Naczelny Sąd Administracyjny zdecyduje o przyszłości składowiska odpadów w Woli Suchożebrskiej w powiecie siedleckim. Instalacja niedługo osiągnie maksimum swojej pojemności.
Jej właściciel, czyli Zakład Utylizacji Odpadów w Siedlcach chciał już dwa lata temu podnieść koronę śmieci o 14 metrów, ale na takie rozwiązanie nie było zgody gminy Suchożebry.
— Czekamy na rozstrzygnięcie NSA — mówi prezes ZUO Paweł Mazurkiewicz. — Ten wniosek był procedowany. Oczekujemy rozstrzygnięcia co do naszego odwołania się od negatywnej decyzji środowiskowej wójta gminy Suchożebry — dodaje.

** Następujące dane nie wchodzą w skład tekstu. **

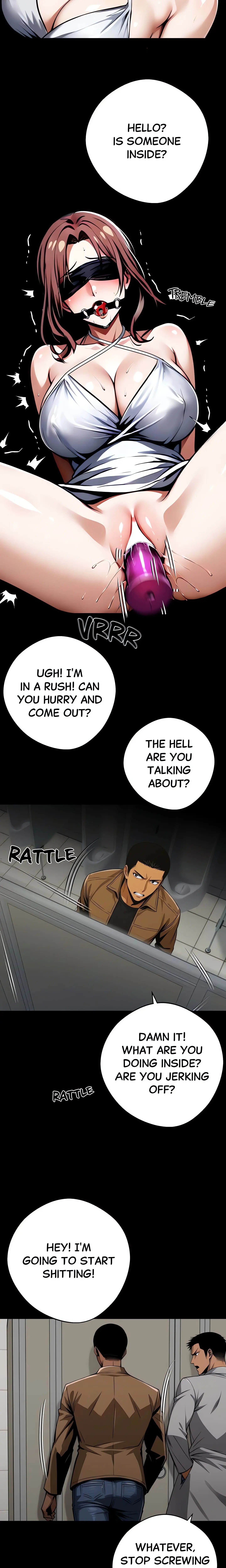 Gangster x Office Lady Episode 70 - Page 5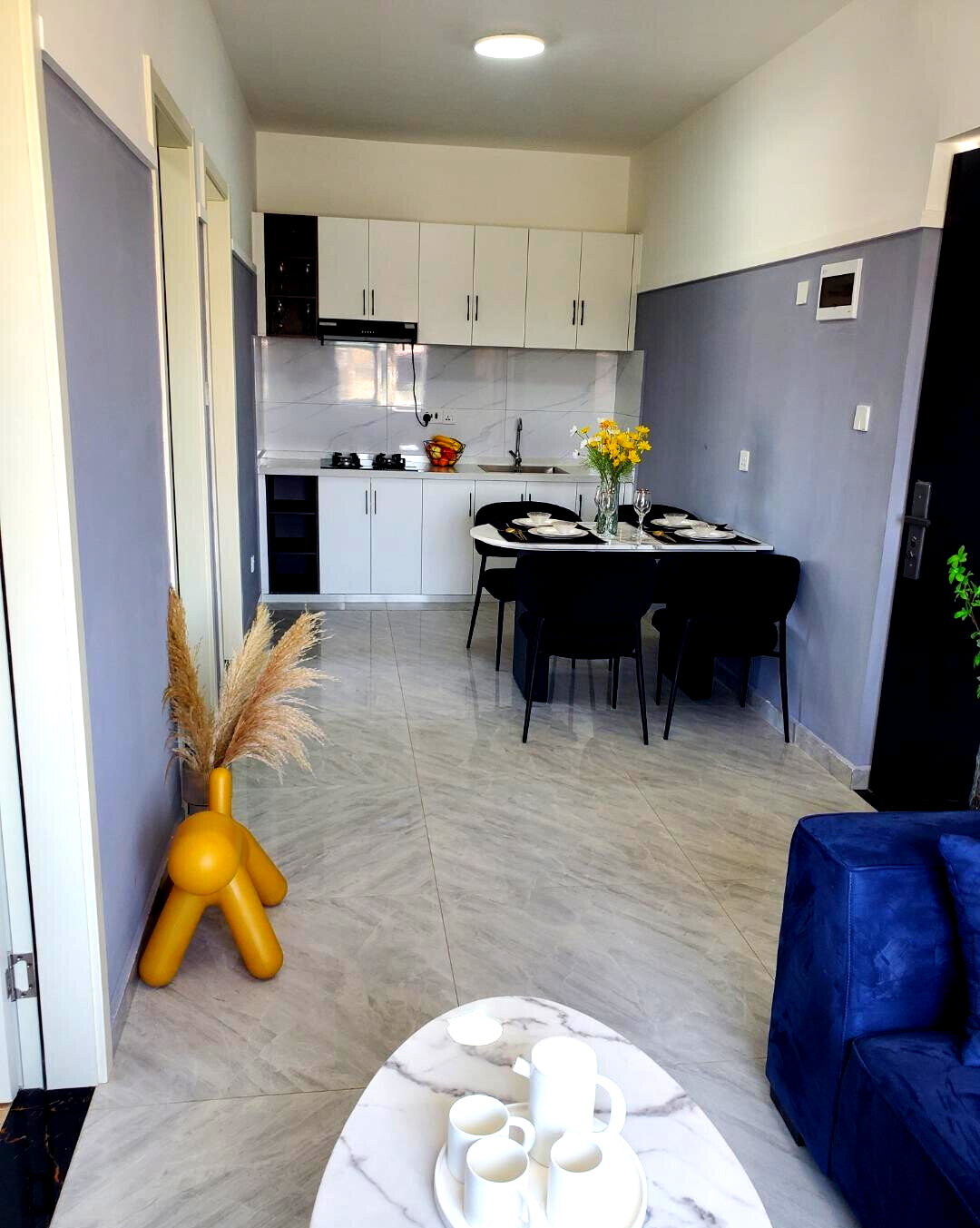 2BR Apartment with Pool & Gym Near Junction Mall - Dagoretti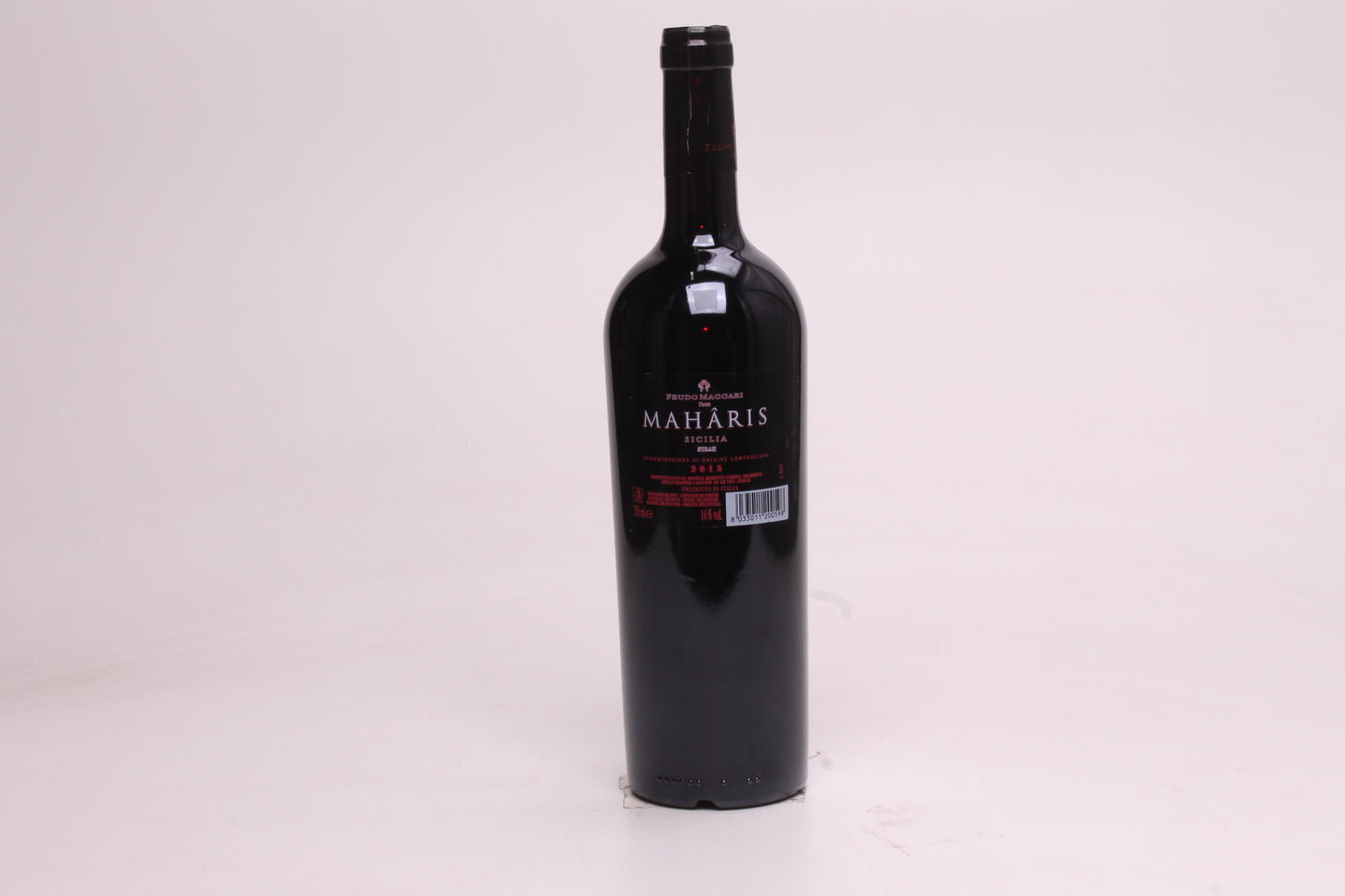 Feudo Maccari, Maharis 2015 - 75cl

W tej chwili spółka jest pod ścianą.
— Składowisko jest cały czas pod kontrolą geodezyjną. Przy tych założeniach z pozwolenia zintegrowanego, to wysypisko jest już na wyczerpaniu — zaznacza Mazurkiewicz.

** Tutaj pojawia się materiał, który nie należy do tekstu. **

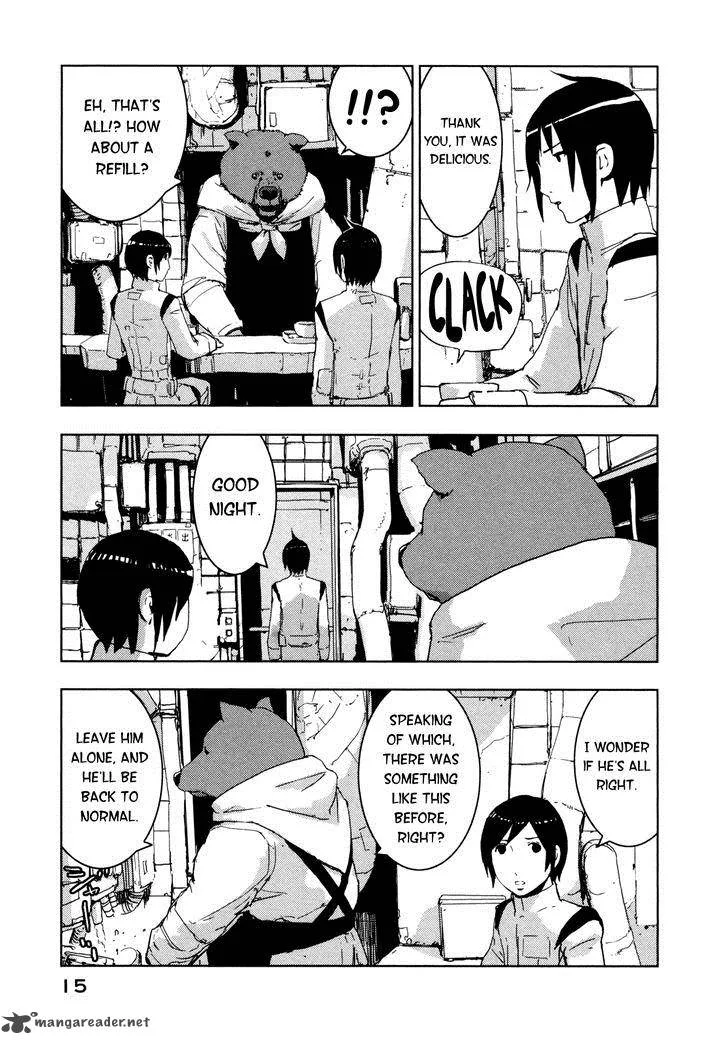 Knights of Sidonia Chapter 36 page 16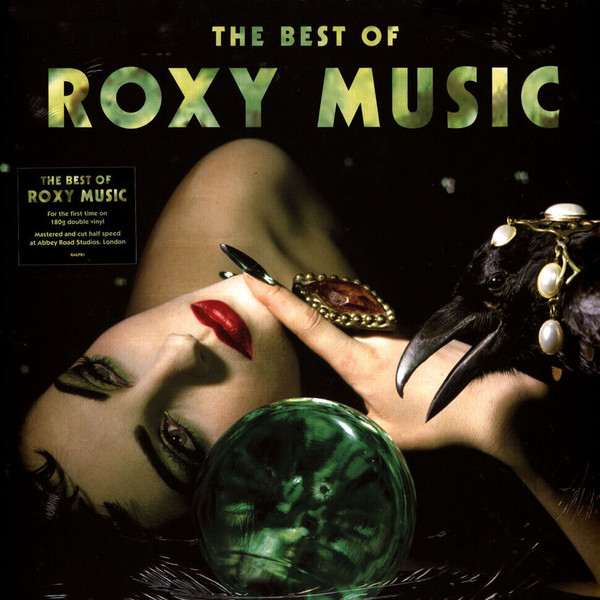 Roxy Music - The Best Of - 2LP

Zakład Utylizacji Odpadów liczy, iż władze gminy i miasta dojdą jednak do porozumienia i składowisko albo zostanie podwyższone, albo wypracowane zostanie inne rozwiązanie.
Bez tego wszystkie śmieci z miasta, które powinny trafiać do Woli, będą wywożone w inne miejsca, co podniesie koszty całego systemu.